Clive is leaving for good to Melbourne now together with Gay and Tālis. They go to Clives new farm – half an hour drive from Melbourne. Clive will soon stay on 3 day a week job, and live in farm mostly. Now (from thursday on) they will go and arrange the farm – house, and garden etc. etc.

Dzid imagines that they will live – so beautifully, so good, so ideal etc. etc. and has trouble to persuade herself that nothing will be so perfect and ideal that she should envy – but so the thinking goes.

Our boarder did not come this weekend from his job in Newcastle – we got message from his friends, that he is sitting in jail for some driving troubles. He needs $400 to bail him out of jail till the court day, and the friends did the money finding. But we have not heard of him, how it all goes. He had lost his driving licence for a year, and there were only 2 month left, and he could get it back, but now he has fallen again for something, just driving without that licence or something more. He was coming the weekends here, dead tired from the long drive after work (often from Glosester) then all the weekend drinking and parties, then driving at night back. Last weekend he was sitting in our lounge room quite exhausted from the good times – and waiting for his friend late after the midnight to start the long drive back to work. He said – his friend will drive, he will not – but how it all was – who knows. After all he has been driving and now is – basta. Dzidra is thinking only of her board money – if he will come and pay. The other boarder keeps trying with his bistro. One of Dzidras pictures is there too, and she changed it for another one after 2 weeks – so at least there is some exhibited from her works. Now all our hopes are for the holidays, to do some working, some going around to the galleries to offer the paintings etc.
At Latvians there is a play (first night) this weekend – I have to go.

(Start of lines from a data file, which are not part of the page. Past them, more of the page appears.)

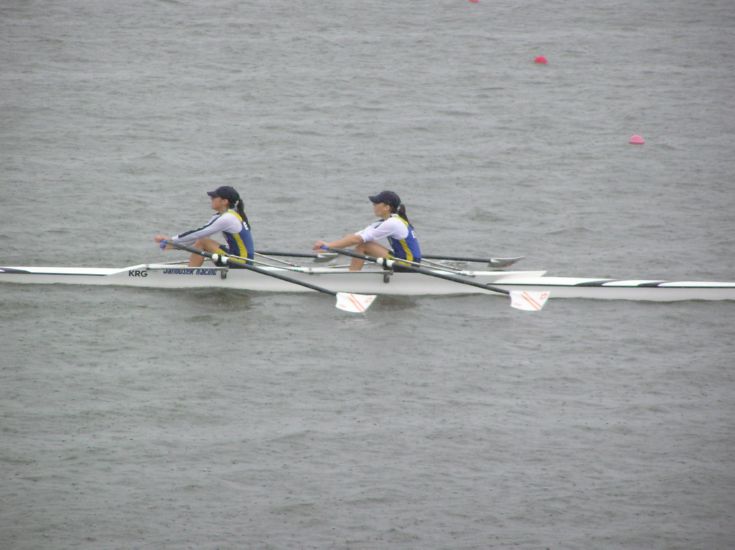 P1010032
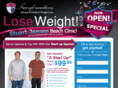 transformationstuart.com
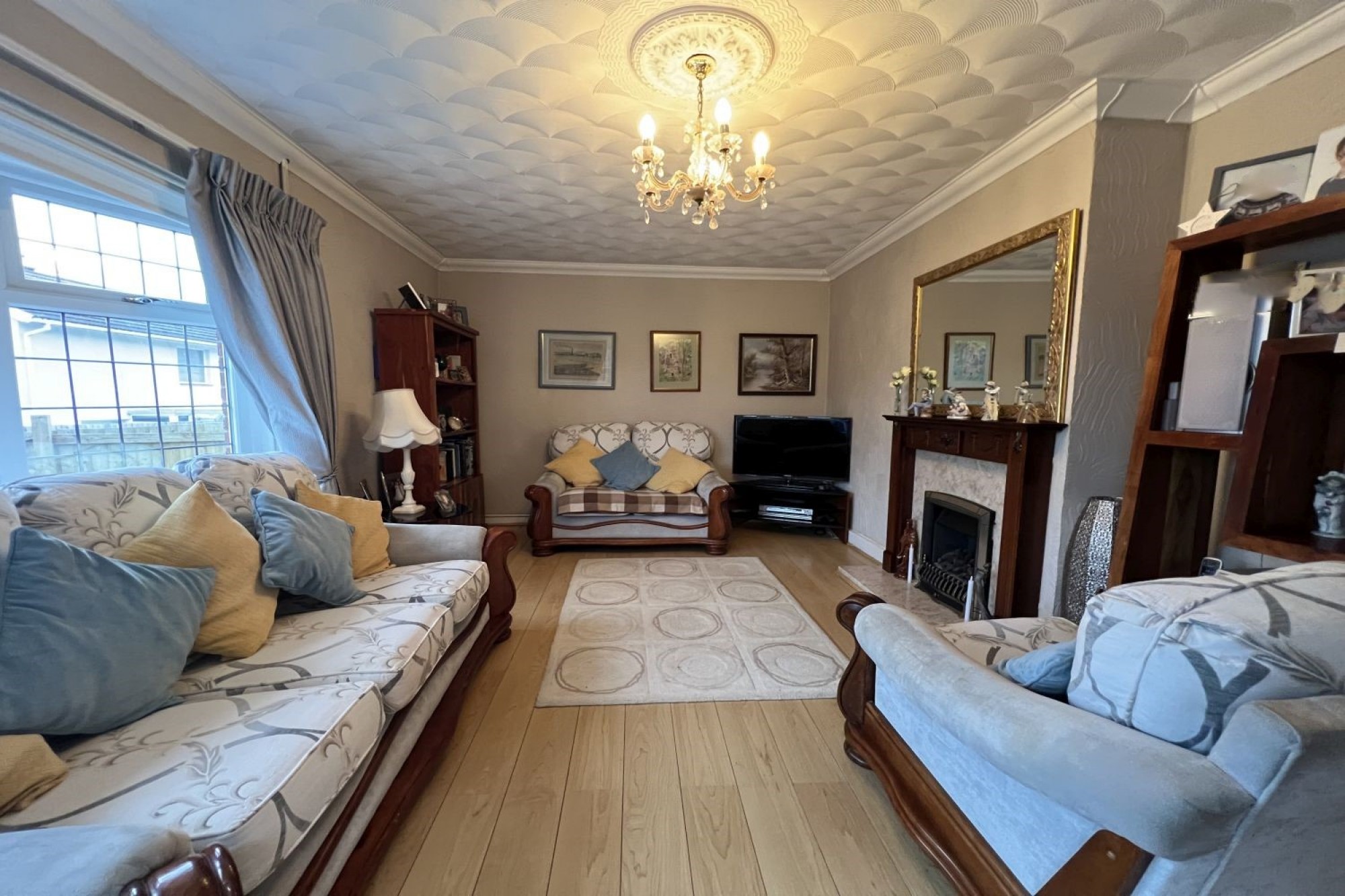 Images for Gilwern, Abergavenny, Monmouthshire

Have not heard again from my editor. Promised – that the books I will get in August… Today I send them a card to remind them about that…

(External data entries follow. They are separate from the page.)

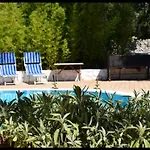 Villa Mialma *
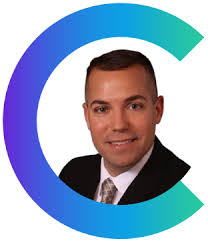 Healthcare recruitment software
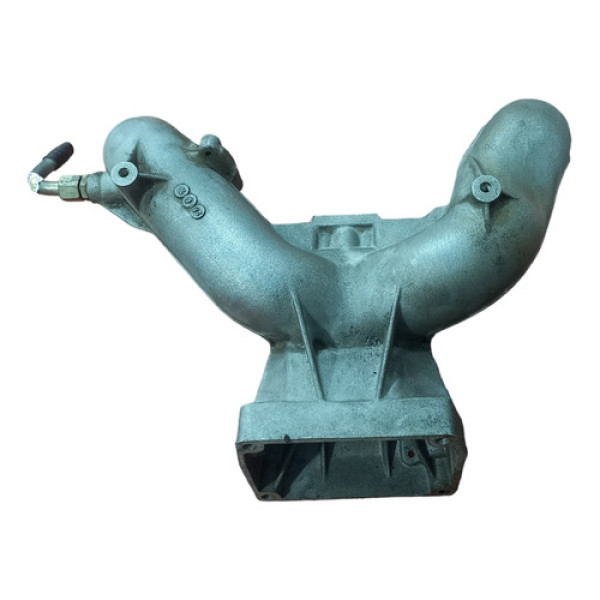 Coletor Admissão Mercedes E320 C280 3.2 3.0 2.4 V6 1995-2000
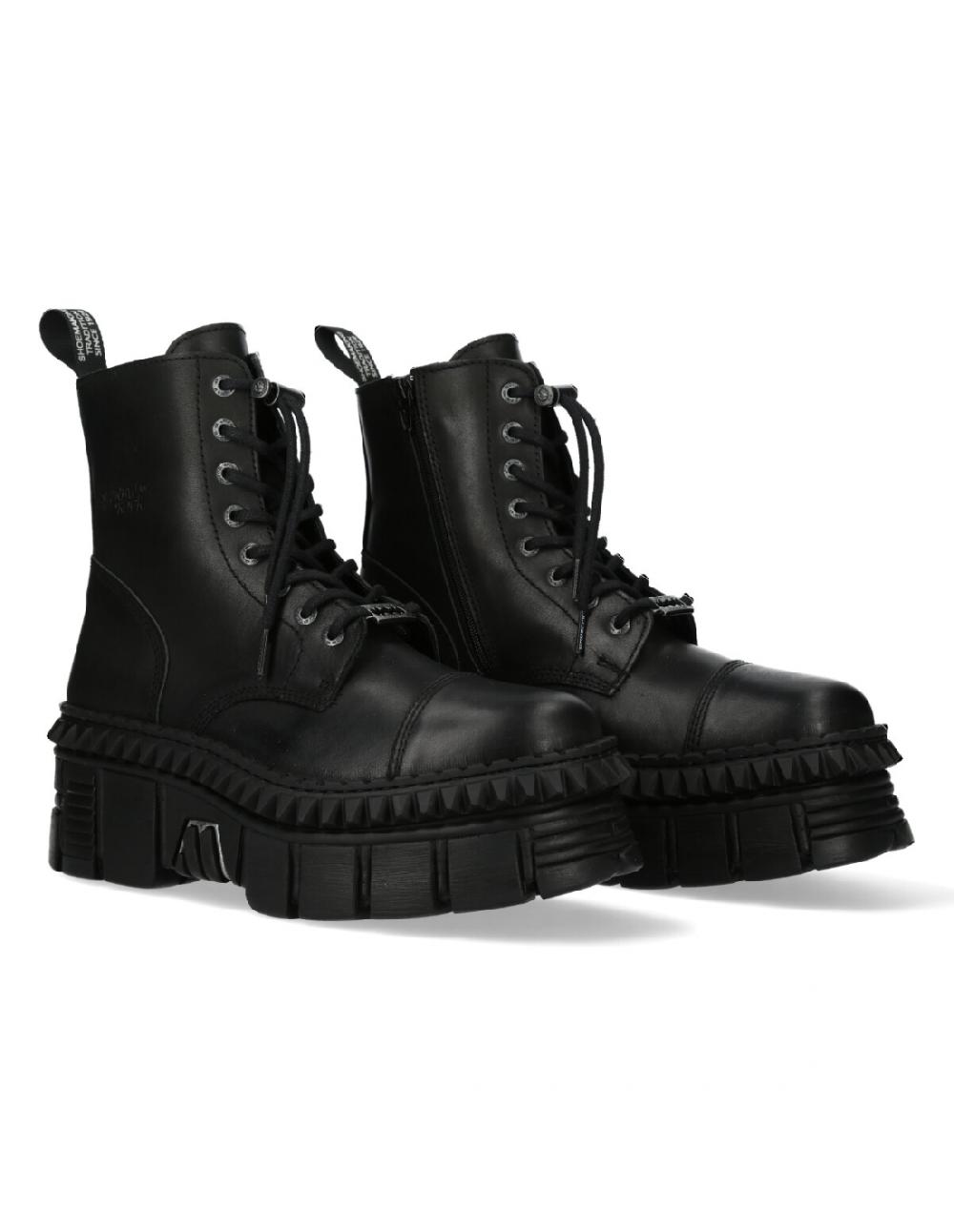 new rock M-WALL083CCT-S6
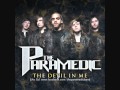 The Paramedic - The Devil In Me (LYRICS AND ...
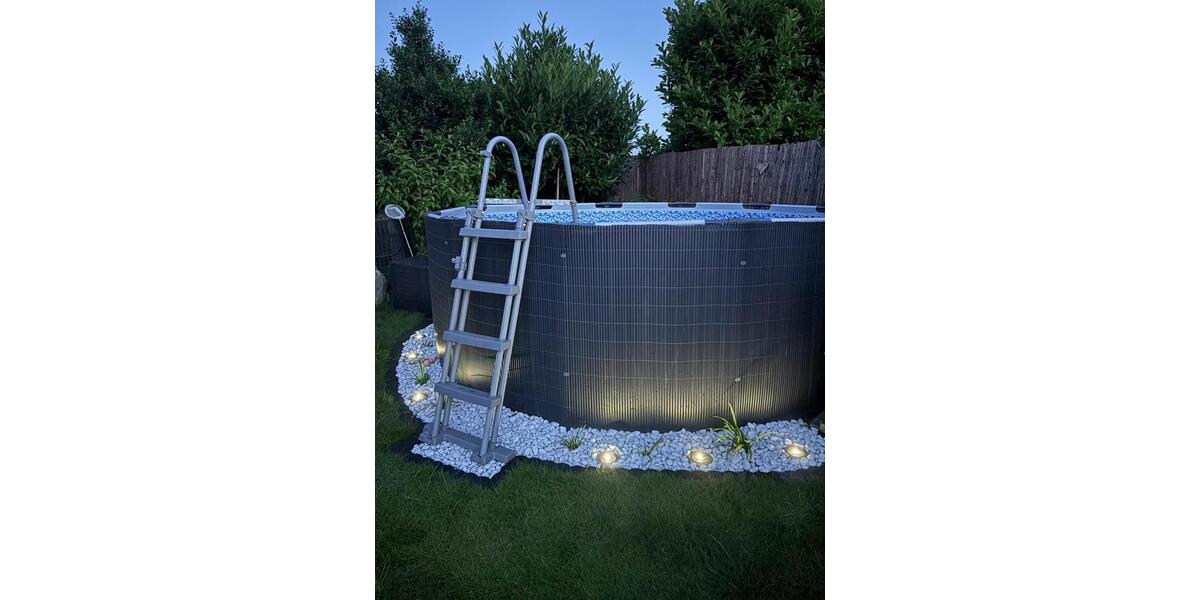 Einfamilienhaus Gangelt - 4 Zimmer, 120 m&sup2;, 298.000&euro; | Angebot:25936800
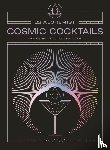 Alchemist, The - Cosmic Cocktails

Well – you probably have not time for long letter reading – so I will finish… We are eating some healthy food – lemon tree still gives us most delicious fruit – mild, juicy almost like oranges – we make jelly (with gelatine, out of them – all juice and skins). Sometimes I am making also alfalfa at home and beansprouts…
Have good times! Be happy! Enjoy your success! Good luck!
Xxx M.

Friday – Tālis away to Melb. We – Dz + me were to a theatre – play (in Nimrod) written by a young Latvian from Queensland. Had learned acting in London etc. The play – ‘Backyard’ – about Australias suburban life. His name – Jānis Balodis – Australians pronounce it Žanis Baloudis – sounds funny…

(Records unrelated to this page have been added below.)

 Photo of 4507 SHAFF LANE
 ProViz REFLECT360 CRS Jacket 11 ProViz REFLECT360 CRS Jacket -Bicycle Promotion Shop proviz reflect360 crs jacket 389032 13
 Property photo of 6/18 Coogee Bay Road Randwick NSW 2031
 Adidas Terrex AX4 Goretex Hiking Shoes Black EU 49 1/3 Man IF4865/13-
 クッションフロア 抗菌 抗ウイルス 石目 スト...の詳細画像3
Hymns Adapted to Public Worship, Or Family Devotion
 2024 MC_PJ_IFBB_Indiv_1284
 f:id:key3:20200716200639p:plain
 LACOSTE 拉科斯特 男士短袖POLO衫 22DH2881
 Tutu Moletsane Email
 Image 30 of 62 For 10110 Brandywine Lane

The big city’s happening was the 23-24,000 people ‘jogging’ from Townhall to Bondi beach. ‘City to beach’ 14 kilometres run, had to be finished in 45 min.
It was an amazing sight how they (the mass of people – standing full street from Townhall till the other side of the Hidepark) moved, like a cloud of ants, children, women, oldies even cripples – some finished in 2 hours time…

—————————-

Tuesday 2 sept. 1980.

Dear Inese and Gordon!

How are you ??? Will you have to pack out of Victoria soon? Good luck! I got the dress you sent me, Inese. Thank you very much. It came on here perfectly fine. I am a little too fat yet for it, but I can get in it in… And I have 3 weeks to count calories! I do not know if I really will need it – but I might – there will be Rakstienku Dienas, Kulturas dienas and Eižena Freimaņa piemiņas vakars – he composed music for 3 of my poems, and there will be a concert, and I have to be there too… These all are small things – but have to attend they and etc. etc.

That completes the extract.